++++ Data shown ++++

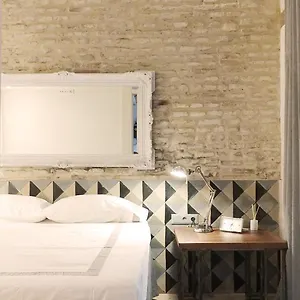 Architecture & Design In Triana Apartment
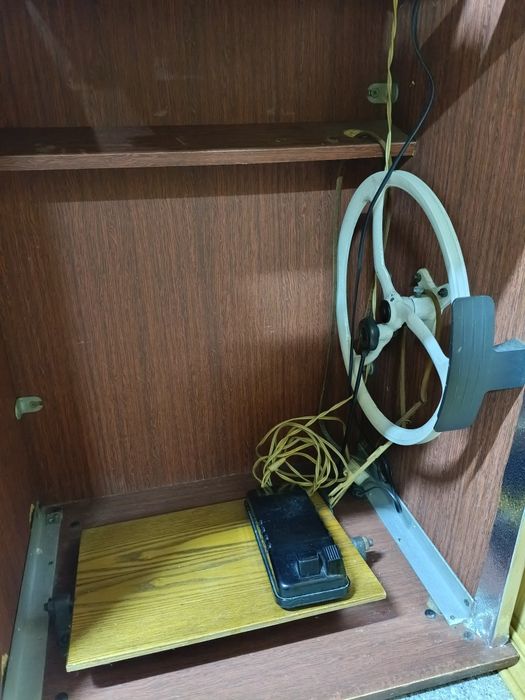 Продам швейную машинку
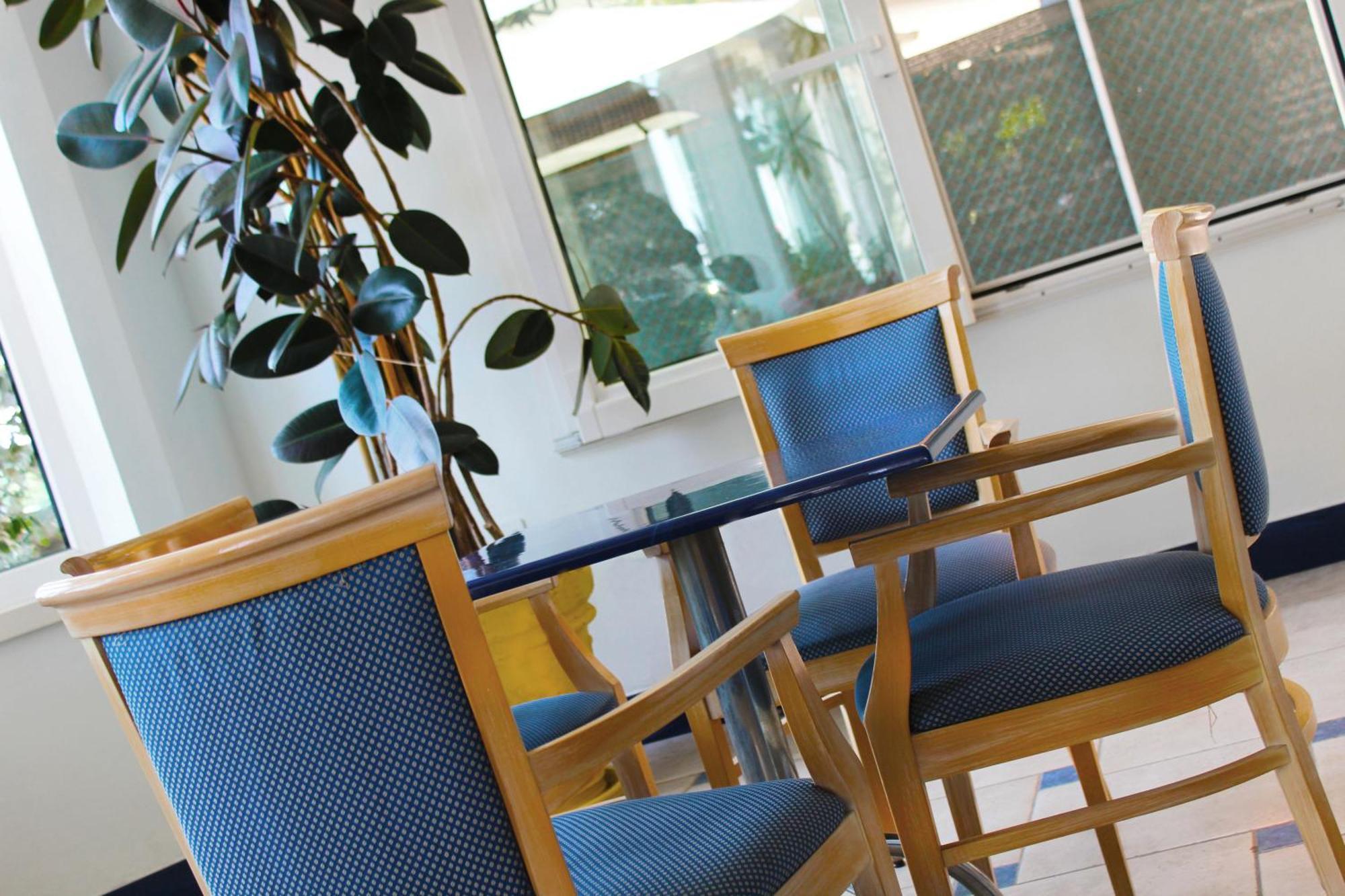 Hotel Bristol Мисано Адриатико Екстериор снимка
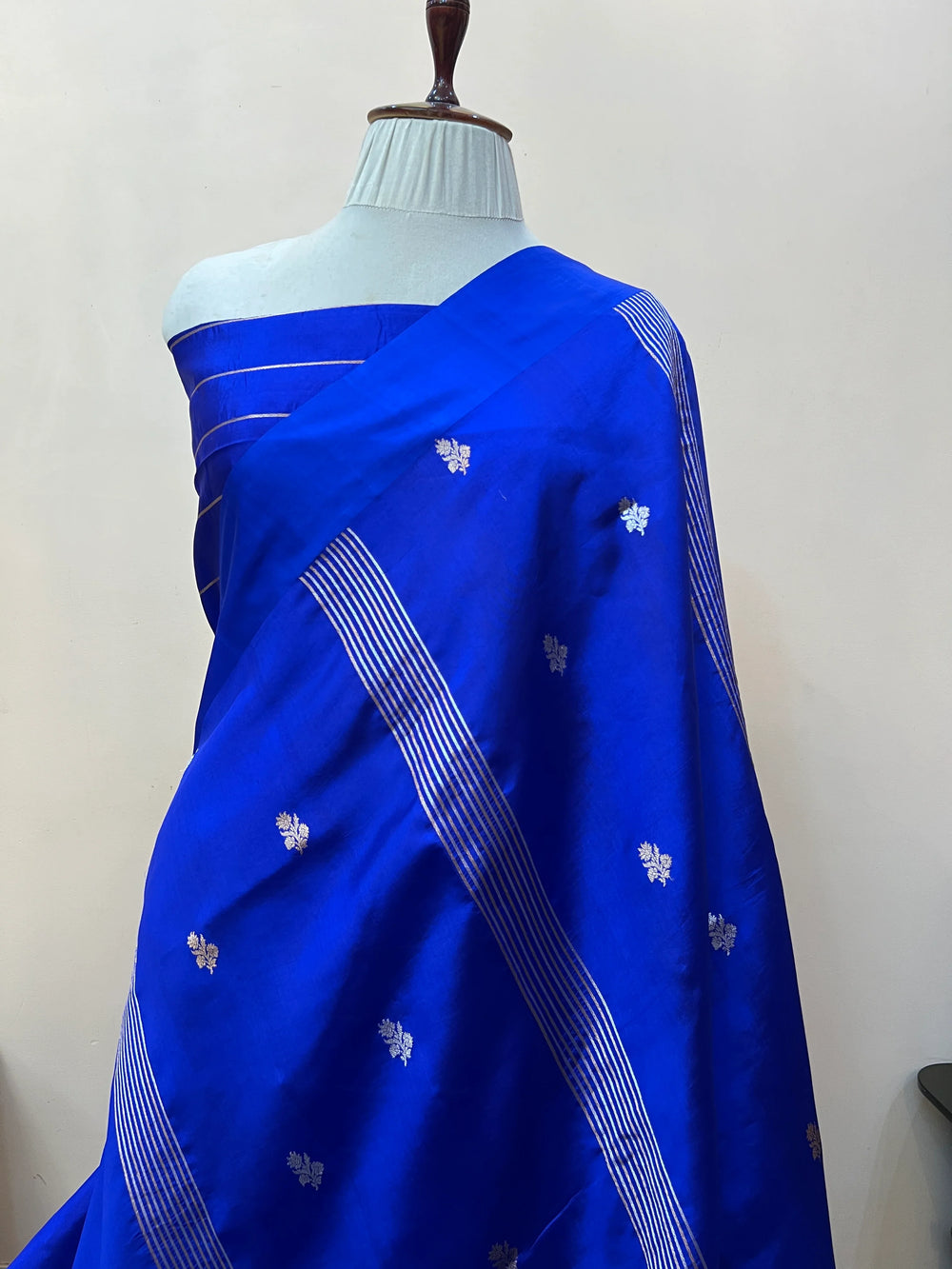 Royal Blue Pure Silk Handloom Banarasi Saree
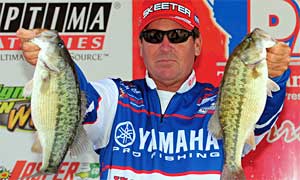 Kicker Fish pro Cody Bird leads day one of the PAA Lake Lanier bass tournament with 16.46 pounds Kicker Fish pro Cody Bird leads day one of the PAA Lake Lanier bass tournament with 16.46 pounds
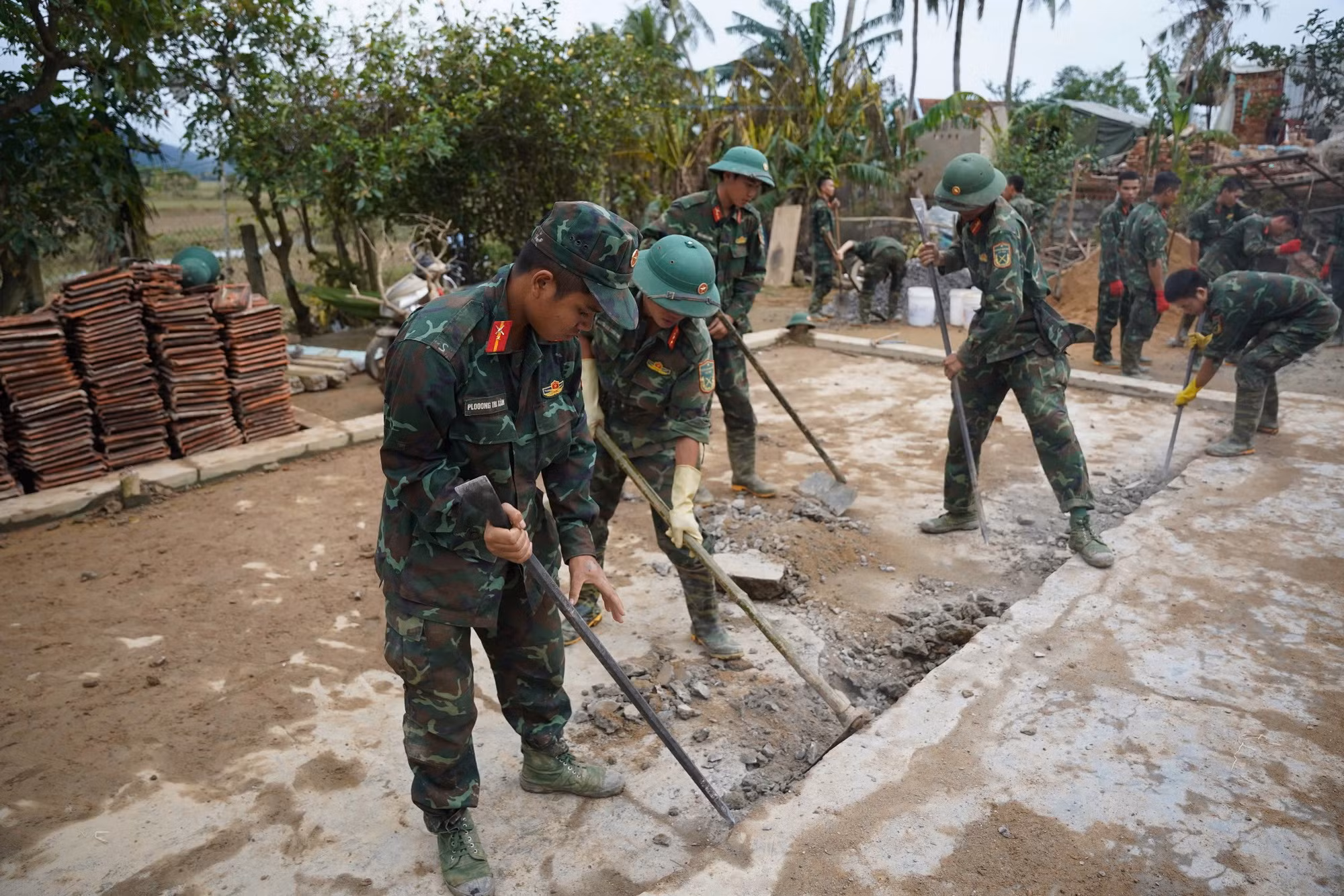  Ra quân xây dựng nhà ở cho người dân ở Đắk Lắk bị sập đổ nhà do lũ lụt -0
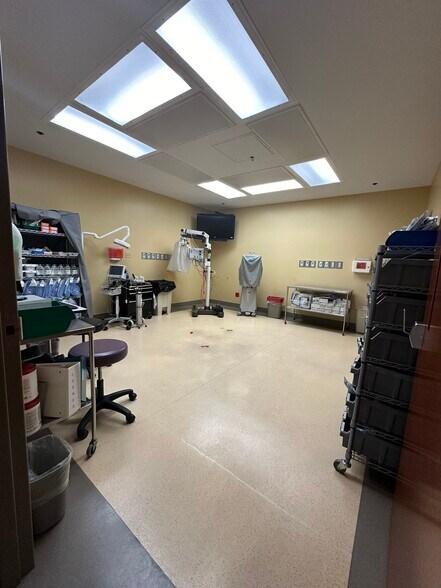 More Photos Of 240 W Cook Rd, Mansfield Medical For Sale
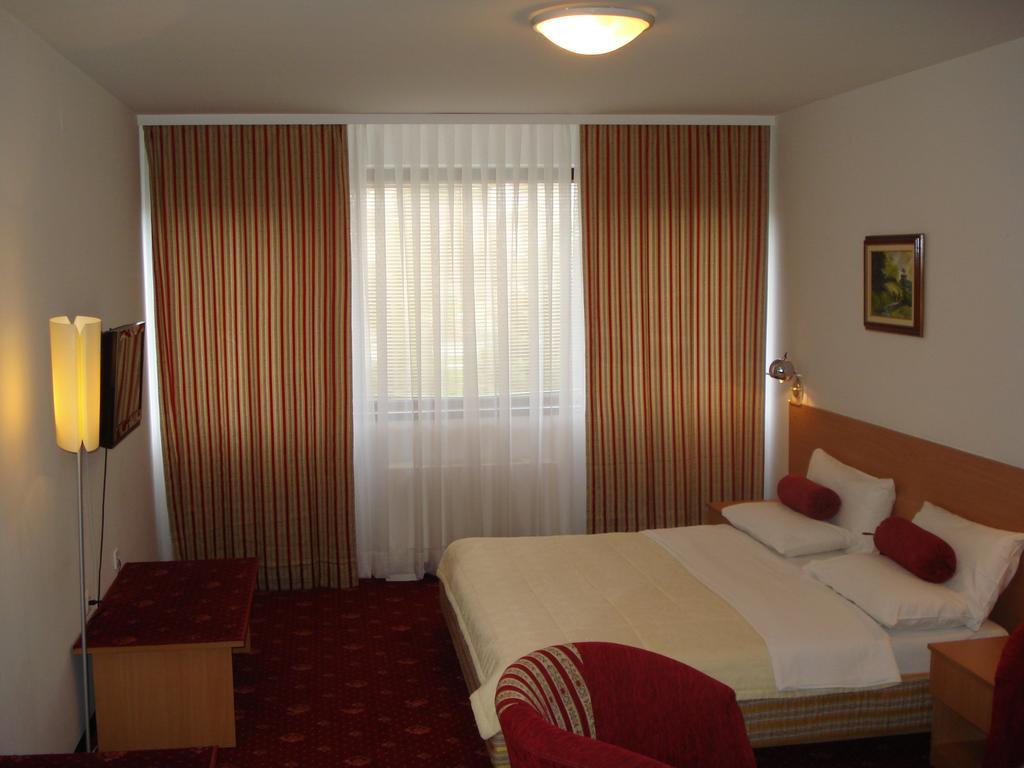 Hotel Grand Sarajevo Bagian luar foto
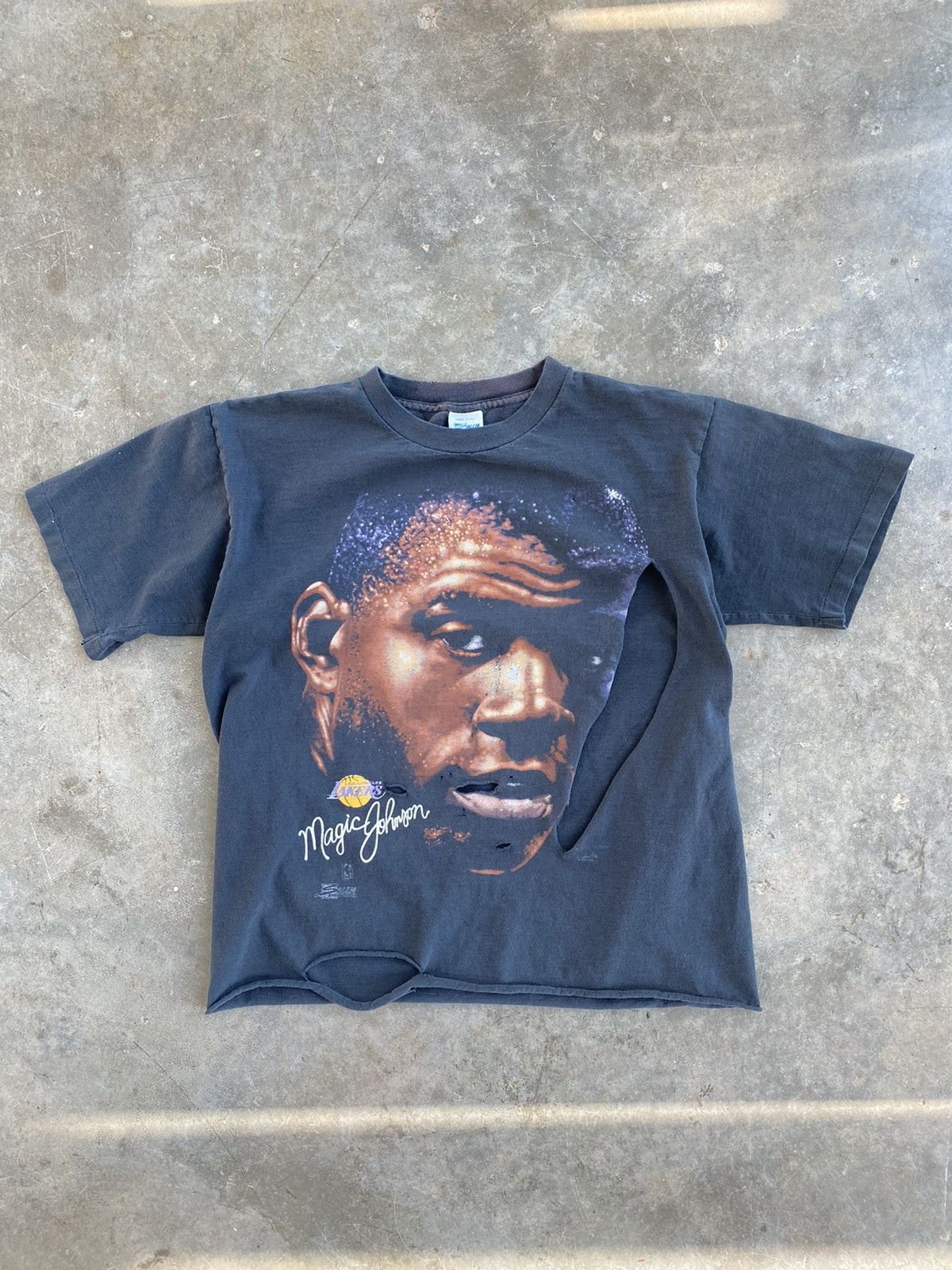 NBA Thrashed + Destroyed Magic Johnson Portrait Tee ❄️ LA Lakers Size US L / EU 52-54 / 3 - 1 Thumbnail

++++

Exercise directions: Set every entry down again word for word, but not the pictures.

Response:
 Architecture & Design In Triana Apartment
 Продам швейную машинку
 Hotel Bristol Мисано Адриатико Екстериор снимка
 Royal Blue Pure Silk Handloom Banarasi Saree
 Kicker Fish pro Cody Bird leads day one of the PAA Lake Lanier bass tournament with 16.46 pounds Kicker Fish pro Cody Bird leads day one of the PAA Lake Lanier bass tournament with 16.46 pounds
  Ra quân xây dựng nhà ở cho người dân ở Đắk Lắk bị sập đổ nhà do lũ lụt -0
 More Photos Of 240 W Cook Rd, Mansfield Medical For Sale
 Hotel Grand Sarajevo Bagian luar foto
 NBA Thrashed + Destroyed Magic Johnson Portrait Tee ❄️ LA Lakers Size US L / EU 52-54 / 3 - 1 Thumbnail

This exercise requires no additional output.